### What the task requires:
All of the data is to be printed again exactly as it appears.

### Recorded information:
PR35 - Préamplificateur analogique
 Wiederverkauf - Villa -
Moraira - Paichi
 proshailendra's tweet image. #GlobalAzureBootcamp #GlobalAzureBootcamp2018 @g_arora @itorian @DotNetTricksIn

### Answer for this exercise:
PR35 - Préamplificateur analogique
 Wiederverkauf - Villa -
Moraira - Paichi
 proshailendra's tweet image. #GlobalAzureBootcamp #GlobalAzureBootcamp2018 @g_arora @itorian @DotNetTricksIn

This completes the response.